Il a poursuivi : "Nous espérons que nos frères irakiens, en réponse aux notes officielles de l'Iran, annonceront leur accord et leur volonté de tenir ces réunions plus tôt".
Le directeur général du Bureau des fleuves frontaliers et des ressources en eau conjointes de la Société iranienne de gestion des ressources en eau a noté : Climat et ressources en eau, le débit maximum est laissé à l'Irak.
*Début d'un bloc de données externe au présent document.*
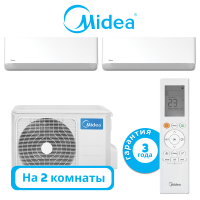 фото Комплект мульти сплит системы Midea серии BREEZELESS E на 2 комнаты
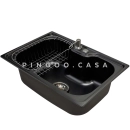 Kit Cuba para Cozinha Gourmet Pia Aço Inox com Acessórios e Tábua de Corte Carajás Preta e Torneira Monocomando Envira Preto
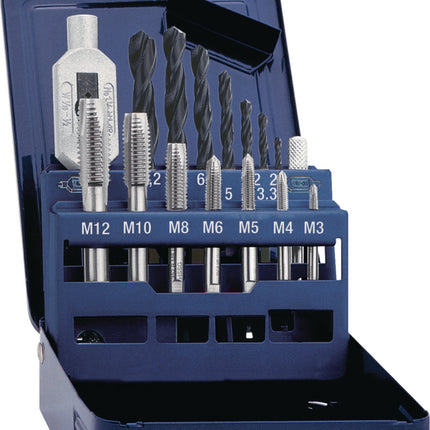 Gewindebohrer-Satz DIN 352 M3-M12 15 teilig HSS Metallkassette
"N'oublions pas que notre pays, comme l'Irak, a fait face à une grave sécheresse, et surtout au cours des deux dernières années humides, il a connu une grave sécheresse dans tous les bassins versants internes et frontaliers, et même dans les discours du ministre irakien des ressources en eau ", a-t-il déclaré. La réalité est soulignée.
Concernant la situation des précipitations dans la région frontalière occidentale du pays, Watan Fada a déclaré : « Par exemple, selon les statistiques des stations météorologiques de la province de Kermanshah, les précipitations annuelles moyennes de l'année pluvieuse 1499-1399 par rapport aux précipitations à long terme moyenne dans ces stations, entre 34 et 56 pour cent." La diminution du ruissellement est supérieure à la diminution des précipitations, mais dans les mêmes circonstances, par exemple, plus de 50% de l'afflux vers le barrage d'Azgaleh et le barrage de Hirvi dans la province de Kermanshah a été libéré dans la province de Diyala en Irak.
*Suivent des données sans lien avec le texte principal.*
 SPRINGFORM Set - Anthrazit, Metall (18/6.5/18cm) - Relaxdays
Il a ajouté: "À cet égard, je voudrais mentionner la demande des autorités irakiennes locales pour la libération de l'eau et la poursuite de la lettre de remerciement affectueuse à ces fonctionnaires pour la poursuite de la rivière Sirvan à l'été 1400, ce qui est un signe d'amitié entre les deux nations et Hassan." Je connais les relati...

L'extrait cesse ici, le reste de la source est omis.